Tue Mar 8 09:41:06 EST 2016

On Mon, Mar 07, 2016 at 01:03:15PM +0000, Yannis Mentekidis wrote:
> Hello again,
> 
> sorry for the late reply
> 
> Yes, definitely other forms of LSH or improvement to the existing LSH
> > implementation would be a good way to go.  Dong's paper is where LSHKIT
> > came from, right?  If so it might be interesting to implement that, but
> > only if we are pretty sure we can outperform LSHKIT (i.e. if we can make
> > a faster implementation).
> 
> From what I can recall, LSHKIT is quite well optimized, so it might be a
> hard task to outperform it. I'm not sure if it has been parallelized,
> though, so that might be a way to achieve that (if you don't consider that
> cheating :P).

Parallelization is fine, I don't think LSHKIT is parallel.  OpenMP could
be a good way to do that, since there will probably be a lot of sections
that could be embarrassingly parallel.  I see that LSHKIT uses floats
internally, so if we test the two implementations against each other
we'll probably want to use floats for mlpack's test (instead of the
default double type that's used for most matrices).

> > One thing I found with other LSH implementations was that most of them
> > are a little difficult to work with... a user is most likely going to
> > want to say "I want k approximate nearest neighbors with a desired
> > maximum of e% relative error", so they specify k and e and then the
> > algorithm returns results with the desired error bound.  But some LSH
> > packages do not offer this kind of interface and can be very hard to
> > work with (E2LSH is one example).
> 
> Yes, that is true, most have a big number of parameters that people not
> familiar with the algorithm might not understand at first. That's why I
> proposed implementing something similar to Dong's paper, since they propose
> a way to identify sets of parameters that will yield results near some
> specified recall/selectivity.
> Of course this is probably going to be slower than the naive kNN
> implementation, but it is reasonable to run the tuning program once for a
> given dataset, produce favorable sets of parameters, and store these for
> further runs of LSH.
> An alternative would be developing some heuristic that maps neighbor error
> rates to algorithm parameters. This might be tricky though, since error
> depends highly on the dataset. It would be an interesting endeavour though.
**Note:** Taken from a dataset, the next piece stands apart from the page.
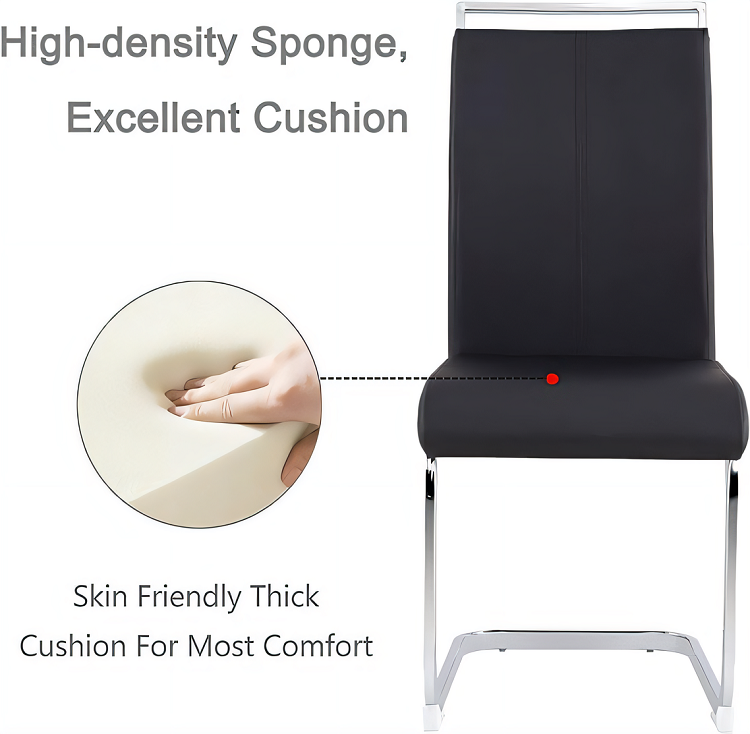 Free Sample Modern Comfortable High quality Unique PU High Backrest Dining Chair With Steel Legs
Do you know if anyone has tried to map neighbor error rates to algorithm
parameters?  It would interesting to do.

I think that Dong's paper would definitely be nice to implement and add
to mlpack, specifically because of the big number of parameters and the
auto-tuning.

> > Here are some interesting runtime comparisons to LSHKIT that I did last
> > year (on page 9 and 10); I compared some tree-based algorithms and then
> > also multiprobe LSH:
> >
> > http://ratml.org/pub/pdf/2015faster.pdf
> >
> > I think that probably LSH would be faster in higher dimensions, but that
> > wasn't the region of interest for the study I linked to.  Also that
> > paper might be a decent place to start reading about dual-tree nearest
> > neighbor search (and the papers that paper references might be
> > interesting as well).
> 
> I've put this paper on my reading list,  as well as "An Optimal Algorithm
> for Approximate Nearest Neighbor Searching in Fixed Dimensions" which you
> linked to in another mail. I believe I will be able to read them by the
> time I start writing my proposal.

Great!  I think the Arya paper is really nice; I enjoyed reading it.
Let me know if there's anything in the "Faster dual-tree traversal for
nearest neighbor search" paper that I can clarify.

> > You're more than welcome to submit two proposals, but often it's better
> > to focus on just one, since we can only accept one proposal per student.
> > :)
> >
> Then I will probably stick with one proposal and try to make it as good as
> possible :)
> 
> ** Regarding LSH Tests:
> The "impossibly hard" label makes this look scary, admittedly :P
> I'll look at the test and current LSH code and see what I can think of, in
> the meantime could you provide some help regarding where I can find more
> documentation for the test function? I haven't figured out how to run only
> specific tests instead of all 616 of them.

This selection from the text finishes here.